The questions are how could this bridge have been built with steel plates that may have been too thin? Why did inspectors not flag the bent and too thin plates and urge action? What impact did the very heavy loading have? I don't have answers for this bridge in particular but it does raise concern for the health of our bridges nation-wide. In a nutshell, our inspections are insufficient, maintenance is poor, and we are way under budgeted for capital repairs. But this is not an intractable problem. Many European and Asian countries are handling their infrastructure issues satisfactorily.

The country's bridge inspection programs are largely visual and are, pretty much, subjective. Yet instruments exist that can measure subtle, unusual movements in bridges, spot cracks in steel before they are visible (disclosure: I am a shareholder in a company that does this), acoustically "listen" to bridges to identify changes in patterns and much more. Nonetheless, I estimate that 99% of inspections are still visual. These technologies are relatively low-cost and can be mandated by the feds where appropriate (I'd say in about 10-20% of bridges). In fact, engineers in Minnesota had contacted several companies to do such high-tech inspections in 2006, at least 10 months before the collapse, but never hired them. While I can't say what the outcome would have been I can tell you that when I was faced with a worrisome situation in 1987 with the Williamsburg Bridge I ordered the bridge "outfitted" with all the latest in bridge measuring technology.

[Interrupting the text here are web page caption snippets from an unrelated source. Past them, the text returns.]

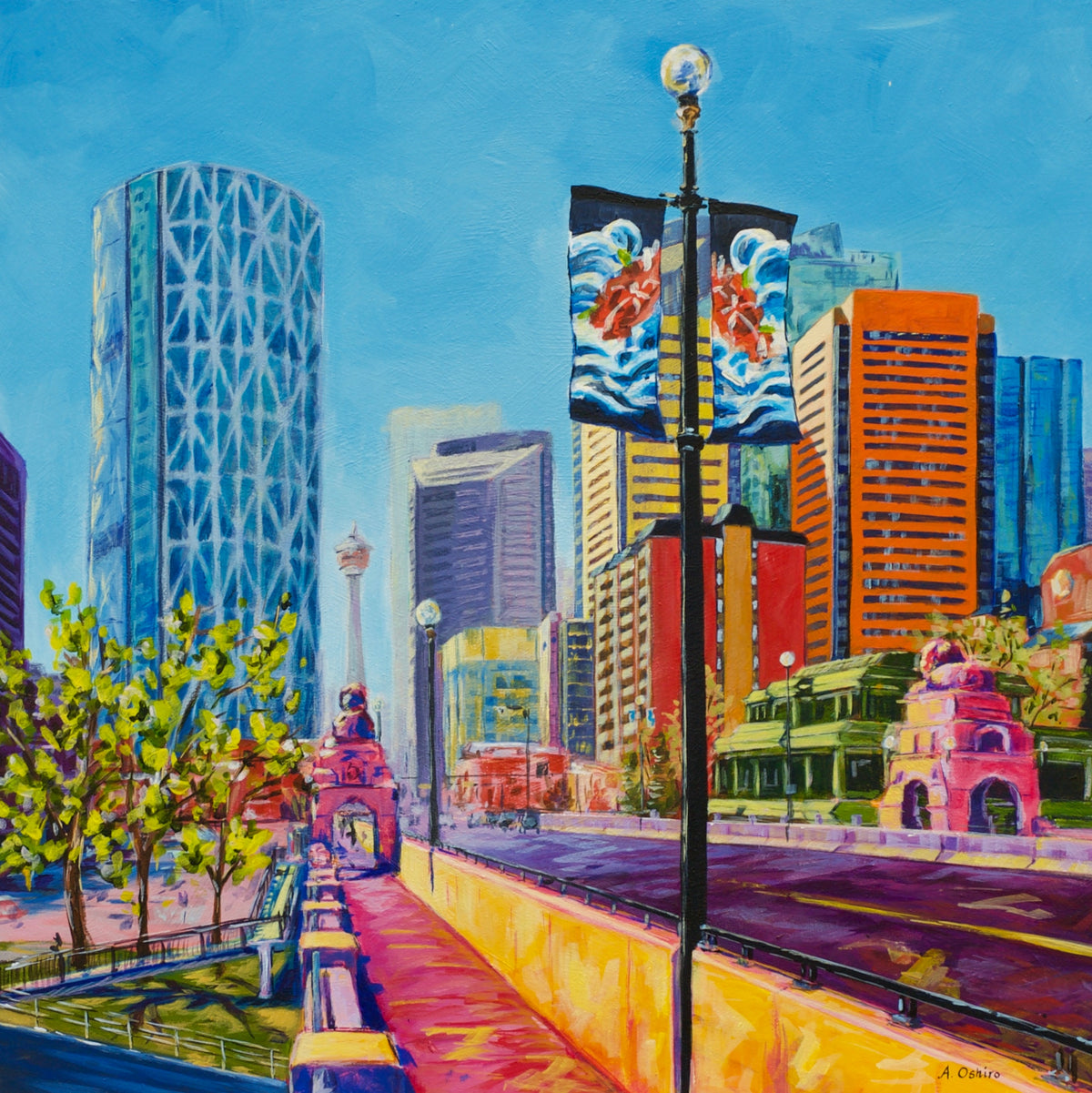 Downtown Street Scene Prints
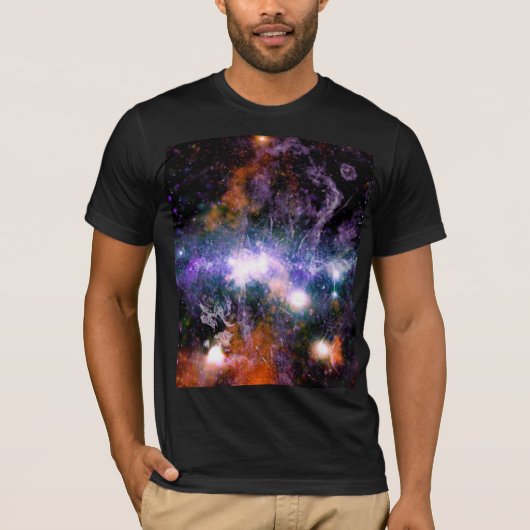 Galactisch centrum van Melkweg Galaxy X-Ray Hubble T-shirt (Voorkant)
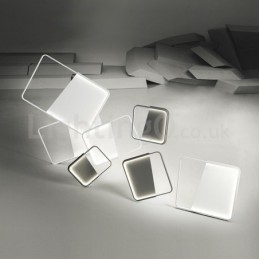 Moderne minimalistische ultradunne 5 cm aluminium rechthoekige plafondlampen
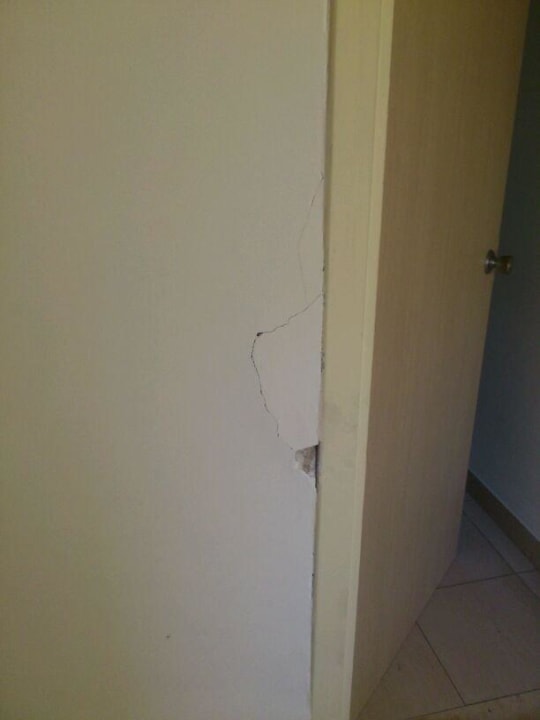 Wand kaputt Omar Khayam Resort & Aquapark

The simplest and least expensive approach is maintenance. We can extend the "life" of our bridges by decades if we treat them like machines, which they are. They rise, fall and twist with the traffic loads, and expand/contract with temperature changes. The solution, unlike high-tech inspections, is 19th century mop and pail. Clean them regularly, wash off the deicing salts and lubricate the moving parts. An independent engineer's report, verifying an adequate maintenance program by each state, should be submitted before acceptance by the feds for any capital support.

Lastly, we need money because previous generations starved the bridges of adequate funds. As a country we are spending about 2% of our GDP on infrastructure while China is spending 9% and most of the European countries are at 4-5%. After last year's bridge collapse Minnesota Congressman Jim Oberstar floated a 5 cent gas tax. A bi-partisan commission recommended a 40 cent/gallon gas tax increase phased in over five years back in January. Both were DOA. While I support raising the gas tax (our taxes are about a tenth that of many countries in Europe) I concede it's a diminishing pool and a near impossible "sell." Instead, we should proceed on creating the Infrastructure Bank as proposed by Senators Dodd and Hagel and supported by Senator Obama. It would allow for the raising of bonds to rebuild infrastructure backed by user fees. Congress should pass Oberstar's Bridge Inspection bill that would increase frequency of inspections for bridges rated deficient and expand the use of high-tech inspections. Public-Private partnerships to rebuild bridges, with sufficient oversight, should be part of any long range plan.

It's too late for this administration to get anything meaningful done. Furthermore, the current transportation bill runs out in a little more than a year. This must become a debated issue for this presidential election and a major initiative by the new administration come January. Time is not on our side.

Samuel I. Schwartz is president of Sam Schwartz Engineering, PLLC and was New York City Department of Transportation Chief Engineer from 1986-1990.